Stijgende vastgoedprijzen
Verbazen doet dit niet als je naar vastgoedprijzen kijkt. In oktober 2020 was de gemiddelde prijs voor een woning in Vlaanderen 303.243 euro en voor een appartement 246.454 euro. De gemiddelde prijs van een woonhuis ligt in Vlaanderen 17,9 procent hoger in vergelijking met vijf jaar geleden. De voorspelde daling van de vastgoedprijzen blijft alsnog uit.
Mensen met een laag inkomen komen bijgevolg noodgedwongen op de private huurmarkt terecht. De sociale huisvesting in Vlaanderen is immers selectief en beperkt. In Vlaanderen vertegenwoordigt de sociale huursector vandaag een schamele 6% van de woningmarkt. Er is minstens een verdubbeling nodig wil men het aanbod afstemmen op de nood.
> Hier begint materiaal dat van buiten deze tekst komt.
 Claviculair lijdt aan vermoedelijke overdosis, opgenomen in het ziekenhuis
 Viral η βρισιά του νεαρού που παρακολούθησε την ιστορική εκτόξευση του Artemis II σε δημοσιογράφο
Op de private huurmarkt verloopt de zoektocht naar een betaalbare én degelijke woning erg moeizaam. Uit het groot woononderzoek van 2018 blijkt dat 52% van de private huurders meer dan 30% van hun inkomen aan wonen betaalt, tegenover 23% van de sociale huurders. Ongeveer 1 huurder op 3 woont in een private huurwoning van matige tot zeer slechte kwaliteit. Vooral de laagste inkomens zijn telkens de grootste slachtoffers.
Corona versnelt groei van ‘generation rent’
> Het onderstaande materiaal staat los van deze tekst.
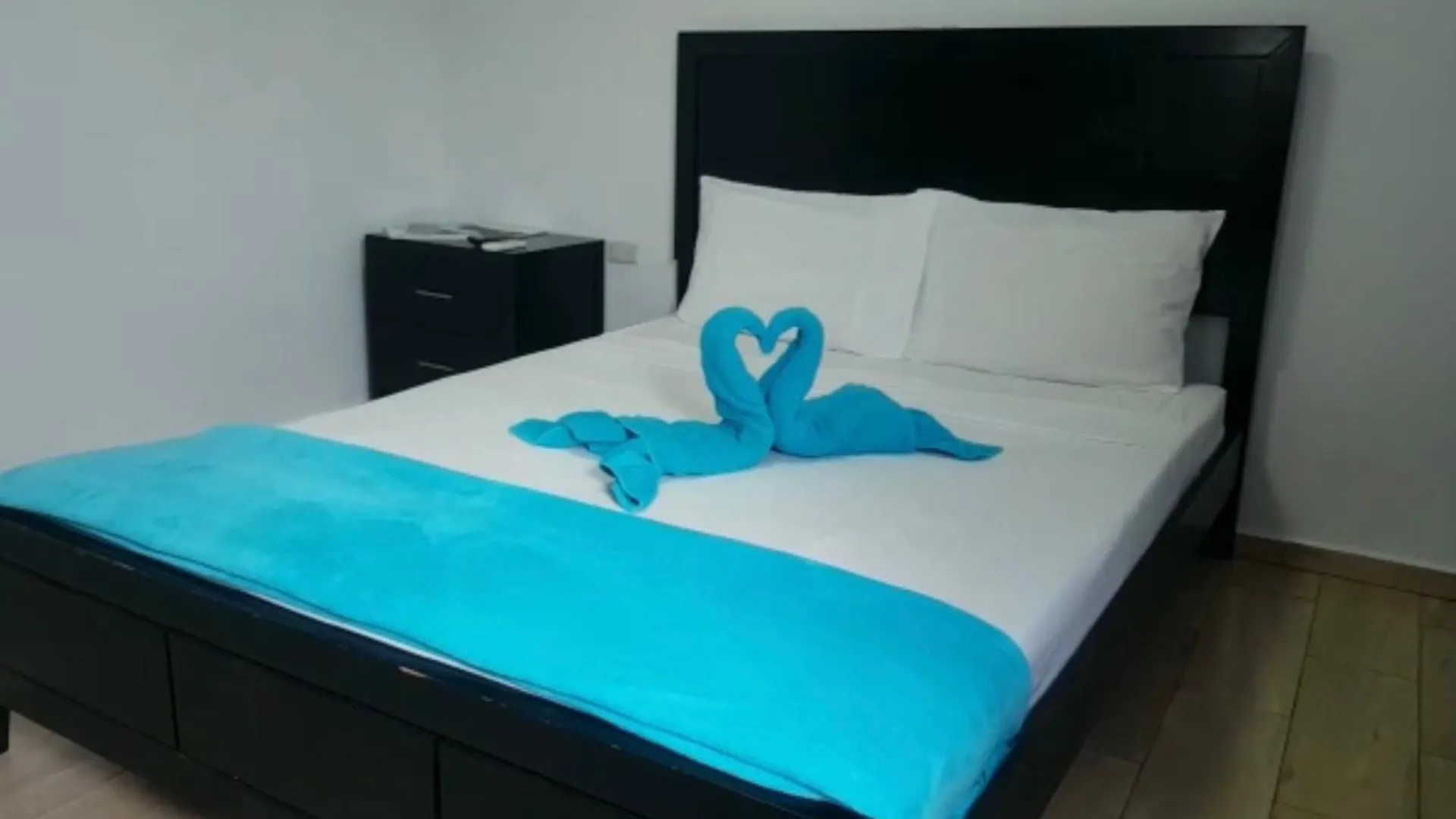 Genesis Apartments Palm Beach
De coronacrisis vergroot de bestaande ongelijkheden. Kwetsbare groepen die voor de crisis al flirtten met de armoedegrens worden verder en dieper in de armoede geduwd. Problemen inzake inkomen, arbeid, energiearmoede, huisvesting of onderwijs, zijn tijdens de lockdown voor deze groep alleen maar groter geworden. OCMW’s en voedselbanken zien ook heel wat nieuwe mensen die nooit eerder een beroep deden op bijstand. Het gaat om mensen met een precair statuut op de arbeidsmarkt (interim, flexwerkers, mensen uit de socioculturele sector ,… ), mensen op tijdelijke werkloosheid en zelfstandigen die in financiële problemen komen. Het is naïef om te denken dat de woonmarkt zich na de crisis vanzelf zal herstellen. De woonnood zal enkel maar versterkt worden. Het tekort aan betaalbare woningen en de groeiende groep mensen in precaire arbeidsstatuten zorgen ervoor dat een eigen woning in de toekomst enkel nog toebehoort aan de happy few. Prof Manuel B. Aalbers spreekt hier over een ‘generation rent’.
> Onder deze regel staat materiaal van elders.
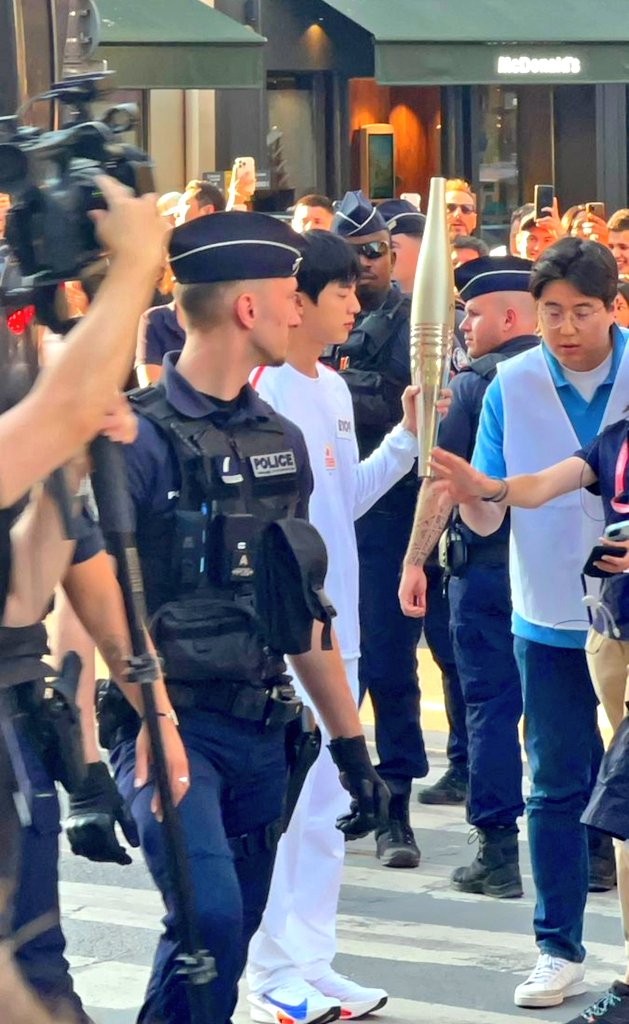 argentina_ce's tweet photo. Armyy📣📣 Hilo de imágenes de #JIN llevando la antorcha para los juegos Olímpicos 2024🔥👇👇 hermosoo

OLYMPIC TORCHBEARER JIN
PRIDE OF KOREA JIN
JIN AT PARIS OLYMPICS
#bts #seokjin #KimSeokjin https://t.co/2OZIZASzfp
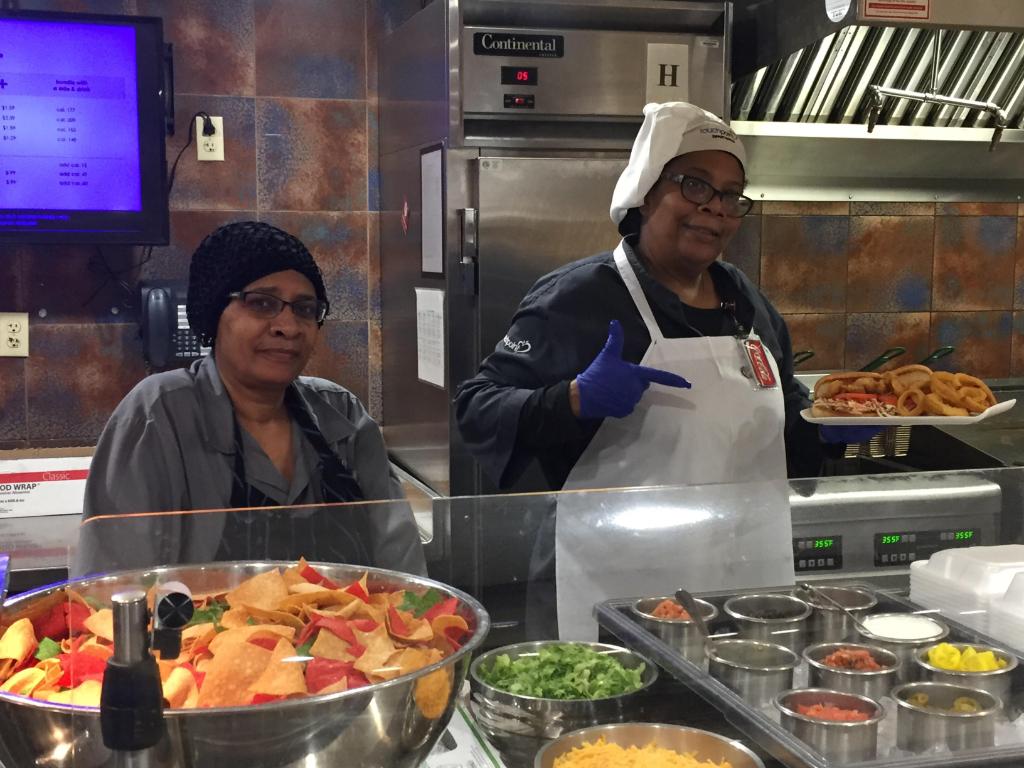 StVincentIN's tweet photo. Join us in thanking all of our TouchPoint associates at our hospitals across Indiana who take great care to ensure that our patients and associates are served delicious meals throughout the day. We appreciate all that you do! https://t.co/WbVrgx6W3G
Laat goed wonen niet afhangen van sociaaleconomische positie
Er is dringend nood aan een duurzaam Vlaams woonbeleid dat niet alleen inzet op eigendomsverwerving, maar ook op de ondersteuning van huurders en het verduurzamen van het Vlaamse woningenbestand. Iedereen moet in een goede, betaalbare en veilige woning kunnen wonen. In landen waar sterk is ingezet op publieke huisvesting en de regulering van de private huurmarkt, komt men in de drie woningmarktsegmenten tot degelijke en betaalbare huisvesting voor verschillende inkomensgroepen. De beslissing om te kopen hangt dan minder samen met de sociaal economische positie, maar met levensloop.
Vlaanderen heeft heel wat instrumenten in handen om te komen tot meer gelijkheid, wonen is daar één van. Het Vlaamse regeerakkoord bevat echter weinig tot geen hefbomen om te komen tot een duurzaam woonbeleid en blijft daarmee blind voor heel wat aanbevelingen van academici en middenveldorganisaties. Daarom ondersteunen we als Vlaams ABVV De Woonzaak. We hopen dat dit breed gedragen initiatief een shift kan teweeg brengen naar een meer eigendomsneutraal woonbeleid, waarin ook kwetsbare gezinnen een stem krijgen.